Fourteen years ago, Jenna Elfman starred opposite “a lot of green balls and green people.” The project was “Looney Tunes Back in Action,” a feature film where Bugs Bunny and Daffy Duck were digitally inserted into a live-action setting, and while Elfman now finds herself in familiar terrain as the lead of ABC’s new sitcom “Imaginary Mary,” everything has changed.
“‘Looney Tunes Back in Action’ gave me a jumping off point and an experiential reference for that [world], but in this we had nothing,” Elfman said during a recent press event, comparing her green points of reference in the film to a largely barren TV set. “And we did it on a TV schedule. With ‘Looney Tunes,’ we had all the time in the world. This, I was never even in my trailer.”
“Imaginary Mary” tells the story of Alice (Elfman), a workaholic sports marketing agent who starts a new relationship with a single father of three.

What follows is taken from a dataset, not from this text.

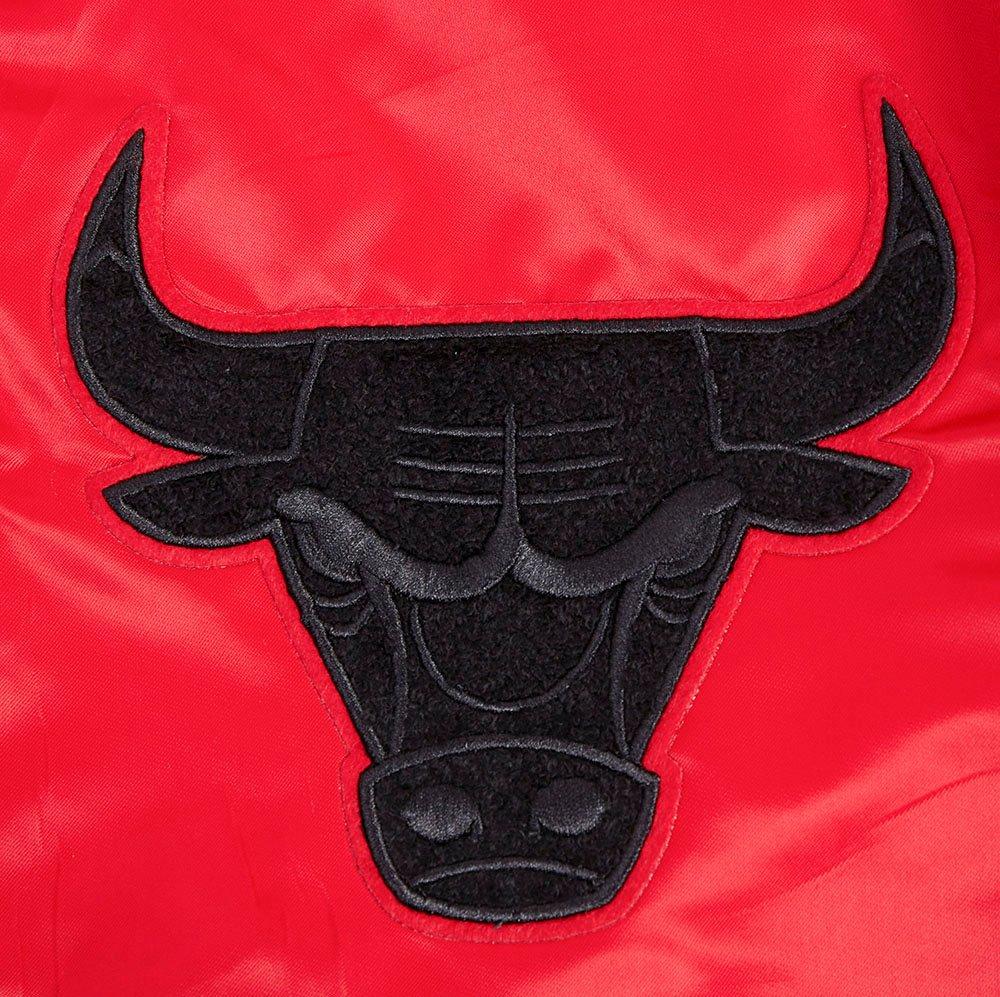 Pro Standard Men's NBA Chicago Bulls Old English Logo Satin Varsity Jacket - Red/Black - RED/BLACK Thumbnail View 6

Alice is so nervous about her new responsibilities, her subconcious invites back an old friend to help her out: Mary, voiced by Rachel Dratch, is two-feet tall, covered in white and blue fur, and can only be seen by Alice, who first created her as a child when her parents were splitting up.
But Mary isn’t around on set — not exactly, anyway.
“We have a real Mary puppet with a puppeteer who moves her through the space [during rehearsals] so we can figure out the blocking and the camera,” Elfman said. “Then we have a comedic actress who’s local to Vancouver who reads all her lines with me offscreen.”
The crew then marks eye-lines for Elfman, so she knows where to look when the cameras are rolling, and the set is emptied out. She’s acting against thin air, and Elfman has to remember everything they’ve just blocked out for the scene take after take, setup after setup.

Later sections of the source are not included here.